━━ Material provided

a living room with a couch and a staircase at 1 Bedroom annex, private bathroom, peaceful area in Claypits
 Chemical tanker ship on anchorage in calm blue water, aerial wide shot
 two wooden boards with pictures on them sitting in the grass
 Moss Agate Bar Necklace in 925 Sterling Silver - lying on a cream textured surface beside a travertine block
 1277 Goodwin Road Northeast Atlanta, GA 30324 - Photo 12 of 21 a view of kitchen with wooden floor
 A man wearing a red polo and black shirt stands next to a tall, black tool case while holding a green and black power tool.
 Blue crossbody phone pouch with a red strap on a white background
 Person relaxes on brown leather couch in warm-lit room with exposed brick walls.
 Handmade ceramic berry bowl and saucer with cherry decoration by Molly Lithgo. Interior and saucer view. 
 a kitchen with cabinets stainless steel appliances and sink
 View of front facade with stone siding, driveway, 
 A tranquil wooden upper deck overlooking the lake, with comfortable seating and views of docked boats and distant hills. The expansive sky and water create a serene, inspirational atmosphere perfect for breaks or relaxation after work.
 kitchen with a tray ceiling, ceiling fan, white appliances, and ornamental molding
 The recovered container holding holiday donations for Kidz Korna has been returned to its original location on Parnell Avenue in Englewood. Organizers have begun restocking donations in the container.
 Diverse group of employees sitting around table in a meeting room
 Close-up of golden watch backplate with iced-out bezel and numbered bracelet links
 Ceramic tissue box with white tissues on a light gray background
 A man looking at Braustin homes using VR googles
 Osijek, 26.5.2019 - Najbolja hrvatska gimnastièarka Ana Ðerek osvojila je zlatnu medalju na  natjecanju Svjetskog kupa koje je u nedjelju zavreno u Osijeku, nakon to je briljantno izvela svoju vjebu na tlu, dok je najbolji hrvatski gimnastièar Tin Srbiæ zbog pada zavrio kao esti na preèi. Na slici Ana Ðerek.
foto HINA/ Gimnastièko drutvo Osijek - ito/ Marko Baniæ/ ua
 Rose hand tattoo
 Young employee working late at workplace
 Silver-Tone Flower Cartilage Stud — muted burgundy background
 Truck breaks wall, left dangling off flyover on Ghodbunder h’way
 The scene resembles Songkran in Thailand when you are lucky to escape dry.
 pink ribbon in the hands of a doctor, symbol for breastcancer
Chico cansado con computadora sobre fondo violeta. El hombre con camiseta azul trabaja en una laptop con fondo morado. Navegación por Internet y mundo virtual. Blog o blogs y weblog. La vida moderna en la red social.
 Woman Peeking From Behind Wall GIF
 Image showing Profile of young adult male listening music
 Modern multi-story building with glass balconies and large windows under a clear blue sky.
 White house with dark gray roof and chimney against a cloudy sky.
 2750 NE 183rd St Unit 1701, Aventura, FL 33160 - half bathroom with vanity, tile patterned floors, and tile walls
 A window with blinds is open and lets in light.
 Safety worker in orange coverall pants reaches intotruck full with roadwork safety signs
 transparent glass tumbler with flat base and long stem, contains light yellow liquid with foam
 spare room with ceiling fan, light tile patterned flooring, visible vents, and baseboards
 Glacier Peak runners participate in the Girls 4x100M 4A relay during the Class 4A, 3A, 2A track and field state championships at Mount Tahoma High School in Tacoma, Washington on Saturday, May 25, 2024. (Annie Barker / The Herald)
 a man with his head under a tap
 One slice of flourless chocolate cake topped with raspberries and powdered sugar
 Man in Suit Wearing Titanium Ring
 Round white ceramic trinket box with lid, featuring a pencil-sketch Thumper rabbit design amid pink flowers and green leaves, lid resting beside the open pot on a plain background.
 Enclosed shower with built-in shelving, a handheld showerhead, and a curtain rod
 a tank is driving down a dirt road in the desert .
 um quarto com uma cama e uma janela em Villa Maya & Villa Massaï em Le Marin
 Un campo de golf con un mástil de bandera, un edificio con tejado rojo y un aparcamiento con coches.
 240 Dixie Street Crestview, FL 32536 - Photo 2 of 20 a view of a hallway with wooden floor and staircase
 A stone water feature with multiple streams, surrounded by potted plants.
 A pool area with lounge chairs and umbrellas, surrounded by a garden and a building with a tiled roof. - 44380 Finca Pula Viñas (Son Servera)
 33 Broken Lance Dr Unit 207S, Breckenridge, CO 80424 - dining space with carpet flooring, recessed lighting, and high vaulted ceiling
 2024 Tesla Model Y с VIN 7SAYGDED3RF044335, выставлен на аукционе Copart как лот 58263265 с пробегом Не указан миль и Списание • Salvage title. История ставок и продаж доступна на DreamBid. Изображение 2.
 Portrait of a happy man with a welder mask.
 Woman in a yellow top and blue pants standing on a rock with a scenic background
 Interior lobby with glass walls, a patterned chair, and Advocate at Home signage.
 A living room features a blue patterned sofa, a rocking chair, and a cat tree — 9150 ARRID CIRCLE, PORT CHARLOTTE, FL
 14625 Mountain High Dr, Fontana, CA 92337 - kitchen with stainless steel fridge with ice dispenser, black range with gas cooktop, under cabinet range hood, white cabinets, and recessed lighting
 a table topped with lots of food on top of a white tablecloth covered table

━━━━

* Exercise
Going back to the entries above, set down exactly the lines that begin at the one with "Enclosed shower with" and end at the one with "A stone water", both included, and nothing else.

* Exercise response
 Enclosed shower with built-in shelving, a handheld showerhead, and a curtain rod
 a tank is driving down a dirt road in the desert .
 um quarto com uma cama e uma janela em Villa Maya & Villa Massaï em Le Marin
 Un campo de golf con un mástil de bandera, un edificio con tejado rojo y un aparcamiento con coches.
 240 Dixie Street Crestview, FL 32536 - Photo 2 of 20 a view of a hallway with wooden floor and staircase
 A stone water feature with multiple streams, surrounded by potted plants.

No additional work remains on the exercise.